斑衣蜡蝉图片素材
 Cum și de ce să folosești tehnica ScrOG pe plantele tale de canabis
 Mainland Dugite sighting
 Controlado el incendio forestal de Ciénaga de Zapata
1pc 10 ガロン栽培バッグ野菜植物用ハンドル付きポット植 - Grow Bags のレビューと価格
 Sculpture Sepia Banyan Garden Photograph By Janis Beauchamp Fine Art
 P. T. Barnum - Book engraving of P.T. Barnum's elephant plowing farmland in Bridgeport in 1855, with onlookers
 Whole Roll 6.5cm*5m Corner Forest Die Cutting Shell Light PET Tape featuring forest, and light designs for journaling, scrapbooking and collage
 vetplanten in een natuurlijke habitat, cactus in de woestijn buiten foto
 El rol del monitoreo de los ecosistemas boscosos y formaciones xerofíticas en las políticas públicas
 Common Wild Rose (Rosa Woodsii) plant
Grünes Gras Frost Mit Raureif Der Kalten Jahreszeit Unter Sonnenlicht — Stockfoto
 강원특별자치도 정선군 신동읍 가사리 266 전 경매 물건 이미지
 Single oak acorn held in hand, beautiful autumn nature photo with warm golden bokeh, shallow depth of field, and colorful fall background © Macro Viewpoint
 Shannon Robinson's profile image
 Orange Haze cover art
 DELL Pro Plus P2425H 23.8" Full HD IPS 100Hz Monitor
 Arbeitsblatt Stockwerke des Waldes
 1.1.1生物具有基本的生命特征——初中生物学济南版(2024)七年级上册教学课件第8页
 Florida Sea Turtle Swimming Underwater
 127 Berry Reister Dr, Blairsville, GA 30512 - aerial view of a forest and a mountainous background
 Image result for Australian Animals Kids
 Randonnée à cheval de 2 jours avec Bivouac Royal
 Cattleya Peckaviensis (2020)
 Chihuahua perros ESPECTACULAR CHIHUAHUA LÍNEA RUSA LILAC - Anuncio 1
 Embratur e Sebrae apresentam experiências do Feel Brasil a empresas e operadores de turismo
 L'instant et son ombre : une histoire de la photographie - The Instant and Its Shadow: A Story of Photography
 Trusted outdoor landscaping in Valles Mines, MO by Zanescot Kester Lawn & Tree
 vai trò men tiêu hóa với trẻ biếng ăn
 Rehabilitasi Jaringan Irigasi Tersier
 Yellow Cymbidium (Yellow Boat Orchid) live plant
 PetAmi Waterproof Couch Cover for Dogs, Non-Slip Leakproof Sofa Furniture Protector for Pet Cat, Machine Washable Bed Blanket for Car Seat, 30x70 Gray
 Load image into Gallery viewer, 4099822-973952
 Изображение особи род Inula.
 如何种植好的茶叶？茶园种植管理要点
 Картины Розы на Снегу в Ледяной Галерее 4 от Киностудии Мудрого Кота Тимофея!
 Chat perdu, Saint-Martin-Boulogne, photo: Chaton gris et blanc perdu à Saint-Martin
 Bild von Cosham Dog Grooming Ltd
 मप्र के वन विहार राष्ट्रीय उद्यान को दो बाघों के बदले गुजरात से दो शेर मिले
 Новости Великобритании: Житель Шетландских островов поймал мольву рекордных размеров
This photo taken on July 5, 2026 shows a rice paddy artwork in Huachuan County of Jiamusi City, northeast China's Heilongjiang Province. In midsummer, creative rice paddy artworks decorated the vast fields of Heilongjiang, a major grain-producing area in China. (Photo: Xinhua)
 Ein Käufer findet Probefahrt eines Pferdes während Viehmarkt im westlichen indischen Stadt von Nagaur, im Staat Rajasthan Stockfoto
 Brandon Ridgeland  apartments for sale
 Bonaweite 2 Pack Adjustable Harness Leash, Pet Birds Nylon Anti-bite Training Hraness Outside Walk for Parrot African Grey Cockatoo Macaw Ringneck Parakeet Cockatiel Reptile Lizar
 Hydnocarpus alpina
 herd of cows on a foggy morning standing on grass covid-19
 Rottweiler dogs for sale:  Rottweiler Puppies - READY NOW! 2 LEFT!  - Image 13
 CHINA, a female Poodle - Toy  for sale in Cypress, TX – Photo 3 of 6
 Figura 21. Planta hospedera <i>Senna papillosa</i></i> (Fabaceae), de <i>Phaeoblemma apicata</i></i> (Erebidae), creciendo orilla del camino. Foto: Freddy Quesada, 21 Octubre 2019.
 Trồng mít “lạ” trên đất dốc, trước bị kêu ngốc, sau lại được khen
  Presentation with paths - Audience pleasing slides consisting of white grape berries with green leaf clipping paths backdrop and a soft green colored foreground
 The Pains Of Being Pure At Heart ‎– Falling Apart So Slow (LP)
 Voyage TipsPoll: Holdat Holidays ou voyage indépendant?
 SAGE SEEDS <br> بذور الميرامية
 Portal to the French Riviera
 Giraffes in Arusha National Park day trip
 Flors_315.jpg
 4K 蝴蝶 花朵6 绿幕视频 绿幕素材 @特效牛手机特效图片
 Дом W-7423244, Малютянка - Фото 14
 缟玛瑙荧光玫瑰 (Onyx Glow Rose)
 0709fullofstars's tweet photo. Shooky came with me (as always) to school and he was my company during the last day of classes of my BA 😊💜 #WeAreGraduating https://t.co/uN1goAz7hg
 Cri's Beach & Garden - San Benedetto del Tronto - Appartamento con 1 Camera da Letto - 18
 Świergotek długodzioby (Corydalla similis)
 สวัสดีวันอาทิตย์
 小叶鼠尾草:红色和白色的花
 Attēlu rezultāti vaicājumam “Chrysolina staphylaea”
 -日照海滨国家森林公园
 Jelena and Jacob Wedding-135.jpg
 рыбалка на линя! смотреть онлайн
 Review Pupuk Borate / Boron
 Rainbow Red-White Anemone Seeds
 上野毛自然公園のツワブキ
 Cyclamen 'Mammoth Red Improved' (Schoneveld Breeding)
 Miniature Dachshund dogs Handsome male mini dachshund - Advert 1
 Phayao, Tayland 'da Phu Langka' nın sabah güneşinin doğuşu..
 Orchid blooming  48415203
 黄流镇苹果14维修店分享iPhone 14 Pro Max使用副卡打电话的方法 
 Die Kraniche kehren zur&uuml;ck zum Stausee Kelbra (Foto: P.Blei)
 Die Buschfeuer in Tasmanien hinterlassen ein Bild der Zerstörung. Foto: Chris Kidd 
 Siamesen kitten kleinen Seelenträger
= = =
Problem to solve:
Wherever the word "background" occurs in the data, copy that whole line.

Problem solution:
 Single oak acorn held in hand, beautiful autumn nature photo with warm golden bokeh, shallow depth of field, and colorful fall background © Macro Viewpoint
 127 Berry Reister Dr, Blairsville, GA 30512 - aerial view of a forest and a mountainous background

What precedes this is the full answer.